Le final des Ghjurnate.
Le final des Ghjurnate.
- Si ce n’est pas le cas, avec qui comptez-vous vous allier ?
- Si nous devons ouvrir à d’autres forces, on ne peut le faire que sur la base d’u prugettu cumunu, c’est-à-dire du projet déjà voté par l’Assemblée de Corse.
 
- C’est-à-dire avec la mouvance de Paul Giacobbi ?
- Avec ceux qui ont voté ce projet, c’est-à-dire avec Femu a Corsica, avec les Socialistes, comme Emmanuelle De Gentili et Jean-Charles Orsucci, qui ne sont pas, en ce moment, avec Paul Giacobbi, et avec ceux qui se reconnaissent dans ce projet. En revanche, il nous paraît impossible d’opérer une jonction avec la droite. Pas seulement parce que c’est la droite et que nous avons un enracinement en matière de justice sociale qui ne correspond pas forcément à la manière de voir de Messieurs Francisci et Rocca Serra, mais parce qu’elle est contre tout ! Cela dit, si, demain, un courant libéral est pour l’officialité de la langue, l’amnistie, le statut de résident, l’évolution institutionnelle…, nous pourrions envisager de faire un bout de chemin avec lui. Mais force est de constater qu’à quelques semaines du scrutin, la droite, y compris un candidat comme José Rossi, s’est déclarée totalement hostile sur ces sujets essentiels.
 
- Femu a Corsica dénonce le « système Giacobbi » comme clientéliste, claniste et nocif pour la Corse et le rejette clairement. N’êtes-vous pas dans une impasse ?
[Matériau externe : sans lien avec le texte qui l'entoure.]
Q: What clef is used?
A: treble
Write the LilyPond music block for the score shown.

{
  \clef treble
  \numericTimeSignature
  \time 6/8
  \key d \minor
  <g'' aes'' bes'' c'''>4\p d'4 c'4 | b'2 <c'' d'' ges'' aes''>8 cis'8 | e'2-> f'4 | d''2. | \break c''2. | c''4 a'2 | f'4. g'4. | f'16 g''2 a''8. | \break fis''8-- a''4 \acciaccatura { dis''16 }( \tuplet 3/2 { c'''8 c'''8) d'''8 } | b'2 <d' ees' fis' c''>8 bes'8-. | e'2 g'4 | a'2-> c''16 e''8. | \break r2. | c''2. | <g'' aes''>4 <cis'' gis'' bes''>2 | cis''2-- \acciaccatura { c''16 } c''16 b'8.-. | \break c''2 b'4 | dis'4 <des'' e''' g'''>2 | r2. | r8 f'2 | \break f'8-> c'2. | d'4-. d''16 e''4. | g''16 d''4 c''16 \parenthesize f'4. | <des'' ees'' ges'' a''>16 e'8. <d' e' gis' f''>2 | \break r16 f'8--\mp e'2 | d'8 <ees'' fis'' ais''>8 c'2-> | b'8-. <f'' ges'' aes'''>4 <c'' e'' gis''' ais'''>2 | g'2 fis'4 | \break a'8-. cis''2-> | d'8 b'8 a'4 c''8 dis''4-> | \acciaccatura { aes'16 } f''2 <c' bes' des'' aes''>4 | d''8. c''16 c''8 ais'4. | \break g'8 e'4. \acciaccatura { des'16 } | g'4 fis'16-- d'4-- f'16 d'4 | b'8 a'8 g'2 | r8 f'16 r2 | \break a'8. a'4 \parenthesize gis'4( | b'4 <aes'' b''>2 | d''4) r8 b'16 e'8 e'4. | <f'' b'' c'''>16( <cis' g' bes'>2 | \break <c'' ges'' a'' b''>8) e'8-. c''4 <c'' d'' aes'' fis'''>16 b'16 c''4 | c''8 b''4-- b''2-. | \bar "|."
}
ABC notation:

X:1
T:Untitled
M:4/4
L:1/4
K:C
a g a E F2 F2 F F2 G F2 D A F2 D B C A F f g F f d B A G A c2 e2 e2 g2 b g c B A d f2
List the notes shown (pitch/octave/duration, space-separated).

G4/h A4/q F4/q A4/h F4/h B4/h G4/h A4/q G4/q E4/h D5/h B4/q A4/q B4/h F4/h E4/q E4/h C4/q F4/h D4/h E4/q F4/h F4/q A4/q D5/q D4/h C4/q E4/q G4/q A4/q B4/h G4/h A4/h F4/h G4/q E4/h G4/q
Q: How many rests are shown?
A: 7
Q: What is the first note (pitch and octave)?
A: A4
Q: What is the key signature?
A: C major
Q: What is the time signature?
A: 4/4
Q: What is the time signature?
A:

- Non ! La position, qui nous a été donnée par Femu, est beaucoup moins claire sur ce point !
 
- Trouvez-vous que leur mise au pilori, récurrente et publique, de ce « système » manque de clarté ?
- C’est très bien qu’ils l’expriment plus clairement dans la presse ! Nous, nous sommes très clairs. Ce qui compte, ce sont les idées avant les prises de responsabilité. Nous allons continuer à travailler, à rencontrer les autres Nationalistes et à avancer. Maintenant, la question n’est pas Paul Giacobbi ou un tel. On ne sait pas le score qu’il fera ou que fera la liste socialiste, s’il y en a une. Il faut, au soir du 1er tour, peut-être même du 2nd tour, voir ceux qui peuvent être des partenaires, parce qu’ils sont en mesure de signer un projet commun, et ceux qui ne peuvent pas l’être parce qu’ils sont contre nos idées. On ne peut pas constituer un Conseil exécutif sur uniquement une base de répartition des sièges !
 
- Pendant des décennies, les Nationalistes ont pourfendu les « systèmes clanistes et clientélistes ». Cela ne vous dérange plus aujourd’hui ?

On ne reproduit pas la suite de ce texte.